Violenza sulle donne, quando a combatterla sono gli uomini «Consapevoli dei privilegi che ci dà una società maschilista»

«Quando si parla di violenza sulle donne gli uomini pensano spesso che il problema non li riguardi. Ma dal nostro punto di vista il problema può riguardare tutti. Perché noi colleghiamo la violenza contro le donne a un modello culturale patriarcale e maschilista, di cui un po’ tutti noi in quanto maschi siamo assorbiti. Nelle nostre relazioni familiari, con la nostra compagna o con la collega di lavoro, usufruiamo dei privilegi che derivano da questo modello». Autoconsapevolezza è la parola che più volte pronunciano. E non è un caso, a sentire le parole del coordinatore Francesco Seminara. Noi uomini a Palermo è un gruppo di persone che ha scelto da tre anni di impegnarsi contro la violenza sulle donne. Consapevoli, dunque, della propria identità sociale e con la volontà di non lasciare il tema esclusivamente alle donne. Proprio perché vogliono ribaltare la prospettiva che vede la violenza – o, peggio ancora il femminicidio – come una cosa da donne

E chi sono questi uomini che hanno scelto di costituirsi in un’associazione per perseguire i propri scopi, in un modello che da Roma in giù li vede come gli unici esponenti della rete maschile plurale?
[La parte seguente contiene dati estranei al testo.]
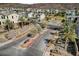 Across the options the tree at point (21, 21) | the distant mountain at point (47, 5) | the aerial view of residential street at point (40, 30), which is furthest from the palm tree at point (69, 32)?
the tree at point (21, 21)

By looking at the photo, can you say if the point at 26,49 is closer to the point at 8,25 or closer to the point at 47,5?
the point at 8,25

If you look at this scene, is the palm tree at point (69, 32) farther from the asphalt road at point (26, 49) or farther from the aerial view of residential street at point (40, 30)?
the asphalt road at point (26, 49)

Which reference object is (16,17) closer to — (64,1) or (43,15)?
(43,15)

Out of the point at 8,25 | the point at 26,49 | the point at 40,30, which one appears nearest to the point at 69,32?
the point at 40,30

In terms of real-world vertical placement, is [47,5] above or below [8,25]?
above

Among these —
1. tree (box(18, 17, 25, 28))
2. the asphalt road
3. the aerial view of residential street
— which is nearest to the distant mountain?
the aerial view of residential street

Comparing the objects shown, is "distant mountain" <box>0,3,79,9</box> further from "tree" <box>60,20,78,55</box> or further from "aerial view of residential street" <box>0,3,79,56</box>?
"tree" <box>60,20,78,55</box>

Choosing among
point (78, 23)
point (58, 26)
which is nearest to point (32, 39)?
point (58, 26)

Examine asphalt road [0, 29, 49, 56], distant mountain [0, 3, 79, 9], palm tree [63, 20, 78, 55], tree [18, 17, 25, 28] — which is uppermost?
distant mountain [0, 3, 79, 9]

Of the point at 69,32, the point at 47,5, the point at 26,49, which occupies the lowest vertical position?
the point at 26,49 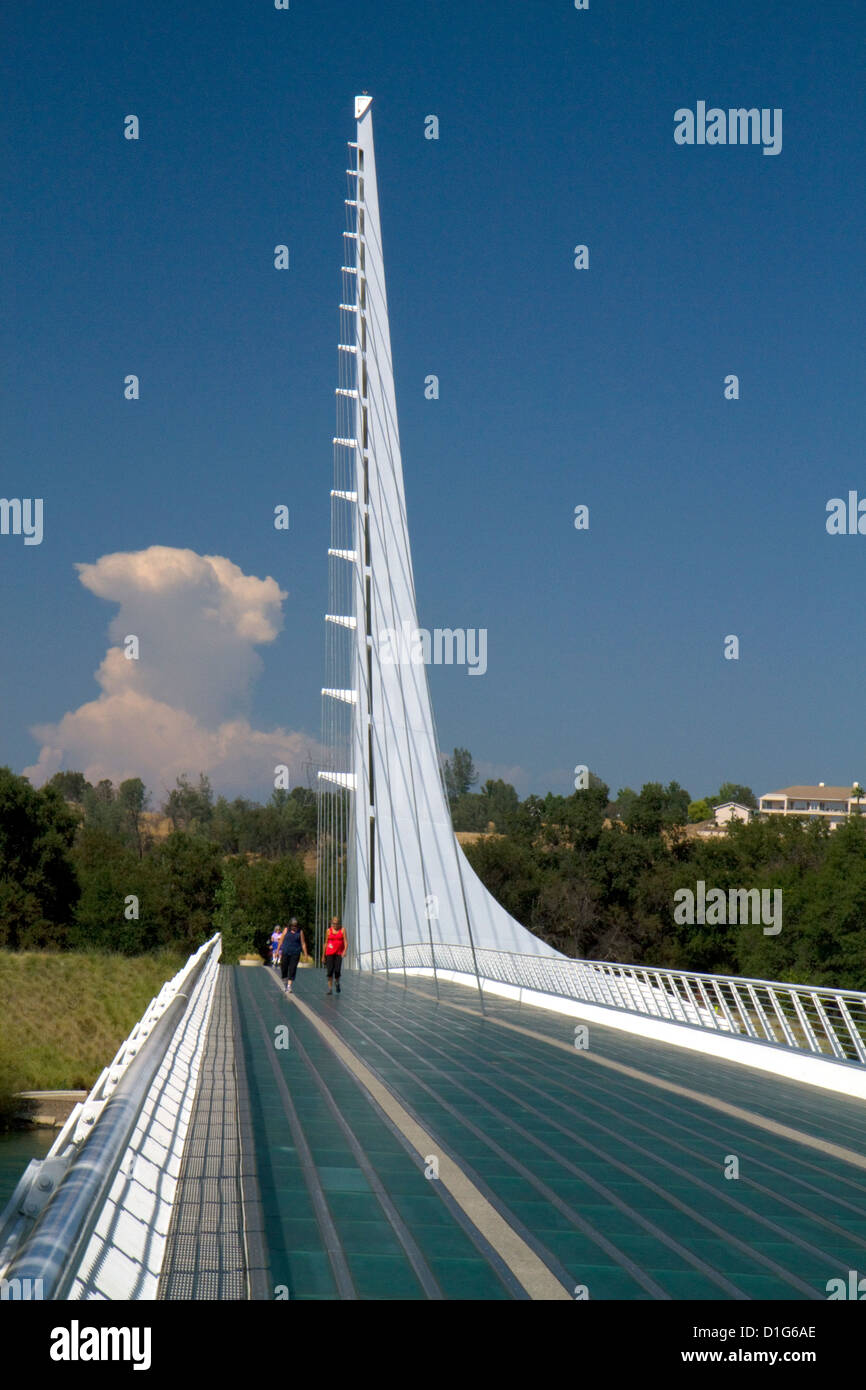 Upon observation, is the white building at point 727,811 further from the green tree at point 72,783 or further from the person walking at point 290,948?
the person walking at point 290,948

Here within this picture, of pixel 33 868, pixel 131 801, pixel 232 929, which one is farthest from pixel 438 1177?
pixel 131 801

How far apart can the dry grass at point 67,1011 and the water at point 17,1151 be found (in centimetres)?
263

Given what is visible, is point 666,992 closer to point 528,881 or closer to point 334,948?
point 334,948

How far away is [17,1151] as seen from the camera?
2816 cm

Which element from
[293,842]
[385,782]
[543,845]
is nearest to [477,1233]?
[385,782]

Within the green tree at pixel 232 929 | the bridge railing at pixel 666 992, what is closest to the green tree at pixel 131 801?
the green tree at pixel 232 929

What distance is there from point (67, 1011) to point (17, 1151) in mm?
12807

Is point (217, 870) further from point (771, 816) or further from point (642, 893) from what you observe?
point (771, 816)

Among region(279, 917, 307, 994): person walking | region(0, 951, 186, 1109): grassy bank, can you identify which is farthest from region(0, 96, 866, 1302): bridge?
region(0, 951, 186, 1109): grassy bank

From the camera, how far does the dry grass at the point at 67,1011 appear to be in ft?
114

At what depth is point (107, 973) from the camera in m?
46.4

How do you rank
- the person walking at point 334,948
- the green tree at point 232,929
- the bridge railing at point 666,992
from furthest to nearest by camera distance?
the green tree at point 232,929 → the person walking at point 334,948 → the bridge railing at point 666,992

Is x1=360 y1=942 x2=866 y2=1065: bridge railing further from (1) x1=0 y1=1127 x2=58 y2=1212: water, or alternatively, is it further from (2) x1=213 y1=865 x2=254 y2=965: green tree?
(2) x1=213 y1=865 x2=254 y2=965: green tree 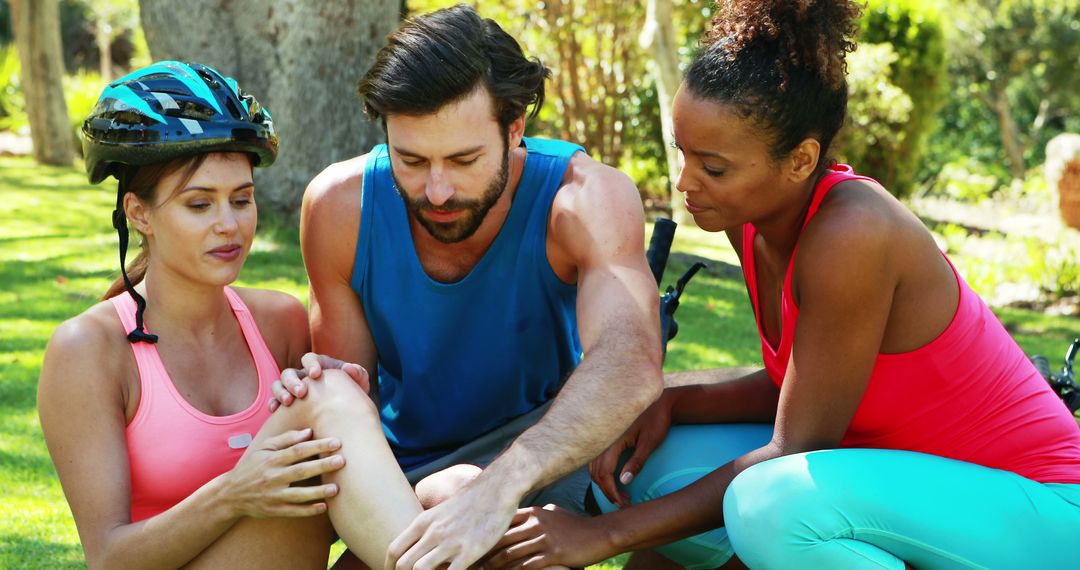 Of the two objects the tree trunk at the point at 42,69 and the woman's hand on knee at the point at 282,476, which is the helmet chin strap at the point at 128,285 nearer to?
the woman's hand on knee at the point at 282,476

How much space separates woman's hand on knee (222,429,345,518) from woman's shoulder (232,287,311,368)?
60cm

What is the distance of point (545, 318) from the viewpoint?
3.44 m

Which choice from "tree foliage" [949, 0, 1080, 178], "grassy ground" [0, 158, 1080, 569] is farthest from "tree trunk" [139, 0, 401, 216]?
"tree foliage" [949, 0, 1080, 178]

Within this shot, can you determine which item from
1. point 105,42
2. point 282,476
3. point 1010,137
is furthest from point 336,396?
point 1010,137

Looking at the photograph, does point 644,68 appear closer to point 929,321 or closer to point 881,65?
point 881,65

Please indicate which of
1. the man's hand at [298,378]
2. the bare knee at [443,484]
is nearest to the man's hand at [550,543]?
the bare knee at [443,484]

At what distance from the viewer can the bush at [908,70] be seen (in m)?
12.9

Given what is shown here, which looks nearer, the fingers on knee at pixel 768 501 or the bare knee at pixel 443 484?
the fingers on knee at pixel 768 501

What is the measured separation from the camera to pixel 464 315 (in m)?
3.40

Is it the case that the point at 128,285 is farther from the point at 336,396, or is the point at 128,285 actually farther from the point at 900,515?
the point at 900,515

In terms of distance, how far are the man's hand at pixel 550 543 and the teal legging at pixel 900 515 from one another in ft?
1.16

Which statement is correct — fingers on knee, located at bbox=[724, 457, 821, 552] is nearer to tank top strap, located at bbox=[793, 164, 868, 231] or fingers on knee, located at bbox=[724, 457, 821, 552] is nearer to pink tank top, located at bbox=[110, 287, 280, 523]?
tank top strap, located at bbox=[793, 164, 868, 231]

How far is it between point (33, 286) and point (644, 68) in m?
7.60

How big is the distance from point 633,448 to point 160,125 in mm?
1544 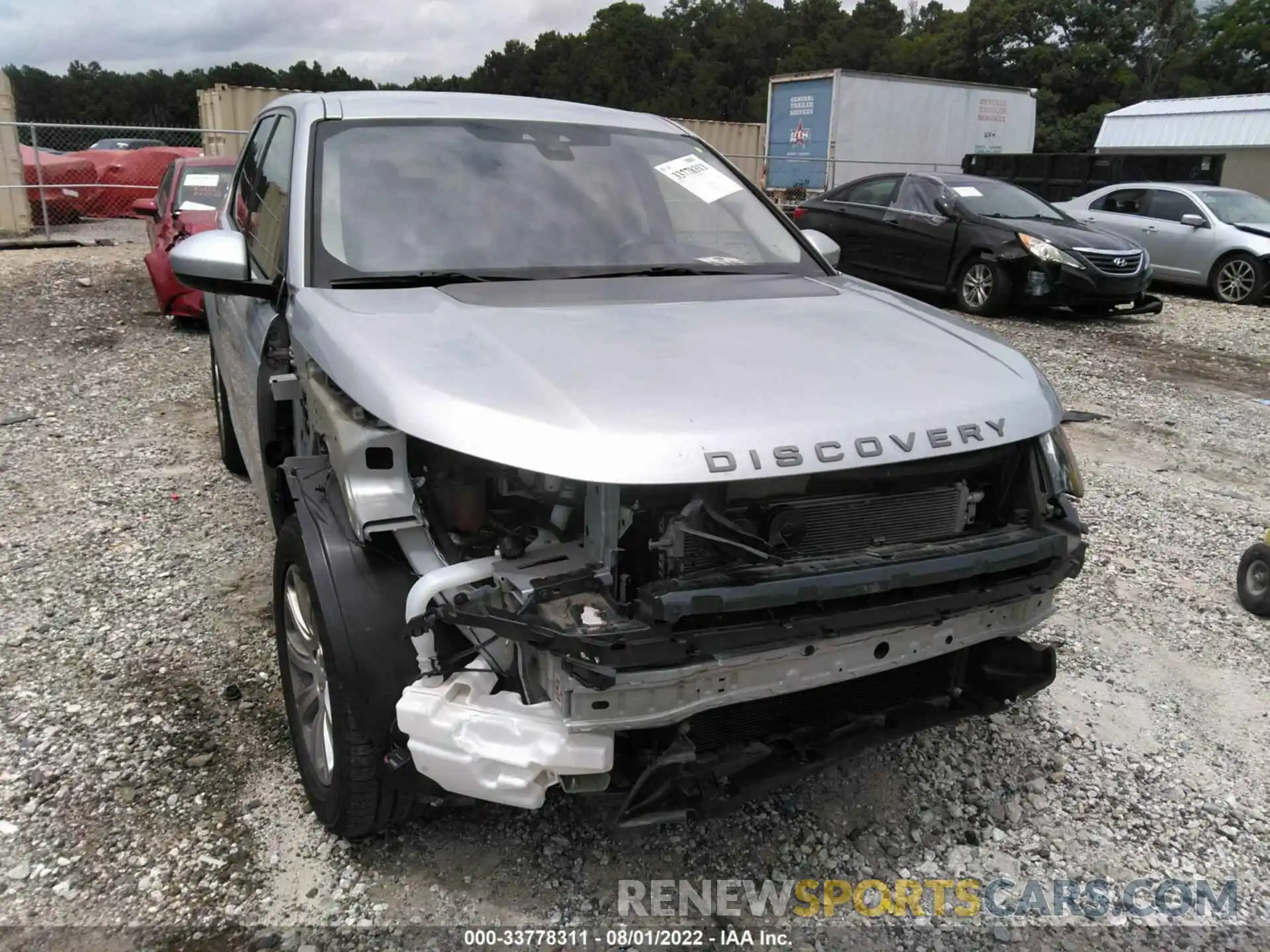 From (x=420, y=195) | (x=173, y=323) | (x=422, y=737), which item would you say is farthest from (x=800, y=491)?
(x=173, y=323)

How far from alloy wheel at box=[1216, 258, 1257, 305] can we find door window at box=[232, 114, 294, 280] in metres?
12.0

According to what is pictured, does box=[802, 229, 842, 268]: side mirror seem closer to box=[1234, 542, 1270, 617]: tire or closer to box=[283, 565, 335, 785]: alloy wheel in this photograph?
box=[1234, 542, 1270, 617]: tire

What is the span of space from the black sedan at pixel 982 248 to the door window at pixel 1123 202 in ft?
7.75

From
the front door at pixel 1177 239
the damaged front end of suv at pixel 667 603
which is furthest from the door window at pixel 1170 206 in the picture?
the damaged front end of suv at pixel 667 603

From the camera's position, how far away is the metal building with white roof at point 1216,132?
22625 millimetres

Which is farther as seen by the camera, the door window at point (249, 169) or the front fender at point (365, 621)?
the door window at point (249, 169)

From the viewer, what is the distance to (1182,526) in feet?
17.0

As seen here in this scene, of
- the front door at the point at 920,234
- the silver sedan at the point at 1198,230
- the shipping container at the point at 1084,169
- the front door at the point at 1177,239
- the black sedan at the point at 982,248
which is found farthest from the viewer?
the shipping container at the point at 1084,169

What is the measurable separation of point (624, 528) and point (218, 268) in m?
1.86

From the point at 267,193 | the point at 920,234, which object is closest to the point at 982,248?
the point at 920,234

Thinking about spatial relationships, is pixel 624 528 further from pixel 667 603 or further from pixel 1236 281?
pixel 1236 281

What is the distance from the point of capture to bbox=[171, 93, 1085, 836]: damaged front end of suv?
2.11 metres

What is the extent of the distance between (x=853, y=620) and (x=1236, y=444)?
5.72 m

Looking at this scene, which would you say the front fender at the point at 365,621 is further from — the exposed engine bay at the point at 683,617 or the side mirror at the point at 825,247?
the side mirror at the point at 825,247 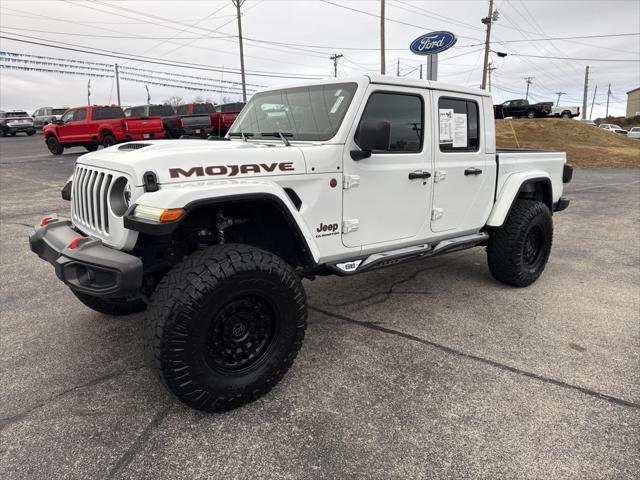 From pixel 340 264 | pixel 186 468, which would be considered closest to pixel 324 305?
pixel 340 264

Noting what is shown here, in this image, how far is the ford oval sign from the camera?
10906 mm

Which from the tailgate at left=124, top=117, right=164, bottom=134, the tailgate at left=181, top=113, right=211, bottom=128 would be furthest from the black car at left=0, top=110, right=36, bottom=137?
the tailgate at left=181, top=113, right=211, bottom=128

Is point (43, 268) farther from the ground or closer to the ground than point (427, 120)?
closer to the ground

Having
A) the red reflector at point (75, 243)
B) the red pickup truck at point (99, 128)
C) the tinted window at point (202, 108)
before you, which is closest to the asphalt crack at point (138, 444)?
the red reflector at point (75, 243)

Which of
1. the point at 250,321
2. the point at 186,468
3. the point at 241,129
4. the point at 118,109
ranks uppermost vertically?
the point at 118,109

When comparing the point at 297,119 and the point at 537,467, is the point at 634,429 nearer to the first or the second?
the point at 537,467

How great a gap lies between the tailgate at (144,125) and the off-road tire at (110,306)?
545 inches

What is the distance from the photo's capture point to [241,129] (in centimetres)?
379

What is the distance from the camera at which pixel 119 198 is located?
265 centimetres

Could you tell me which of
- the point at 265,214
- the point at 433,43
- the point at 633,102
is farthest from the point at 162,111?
the point at 633,102

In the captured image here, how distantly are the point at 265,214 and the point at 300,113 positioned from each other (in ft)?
2.96

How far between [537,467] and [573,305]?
2.42 m

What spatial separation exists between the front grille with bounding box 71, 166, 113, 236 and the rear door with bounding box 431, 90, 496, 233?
7.90ft

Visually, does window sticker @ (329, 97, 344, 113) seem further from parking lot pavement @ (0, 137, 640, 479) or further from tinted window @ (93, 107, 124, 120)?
tinted window @ (93, 107, 124, 120) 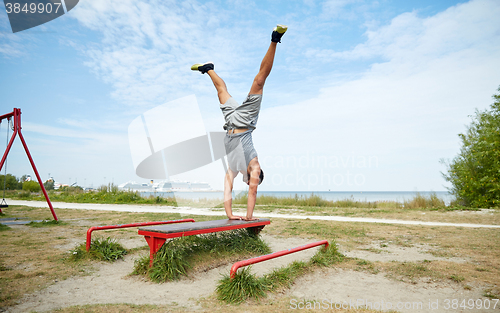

Sono docenti, metalmeccanici, pensionati. Che si riuniscono ogni 15 giorni presso la Casa dell’equità e della bellezza, in via Garzilli. Inoltre vantano un proprio sito internet, un gruppo facebook e collegamenti in tutta Italia. Nel capoluogo siciliano il gruppo attualmente è costituito da sette persone, non tanto perché c’è poca sensibilità quanto perché, come afferma Seminara, «la difficoltà maggiore è trovare altri uomini che vogliano dedicare il proprio tempo a questo tema». L’idea fondante è dunque che siano gli uomini a occuparsi di violenza sulle donne, attraverso attività di sensibilizzazione e campagne di prevenzione rivolte ai giovani e agli adulti. E anche alle donne, perché come ricorda il professore Augusto Cavadi, «madri e mogli spesso accettano e perpetuano questa mentalità maschilista. Noi spesso ci sentiamo dire spesso dagli studenti che a “casa mia comanda mia madre». Una excusatio non petita che è già un’implicita ammissione: perché suona tanto di concessione maschile, e perché in ogni caso i rapporti di forza vanno rovesciati, non assecondati. «Ci sono donne – aggiunge Seminara – che fanno il ruolo del maschio, ma questo non cambia i termini del problema perché cambia il ruolo ma il modello rimane uguale».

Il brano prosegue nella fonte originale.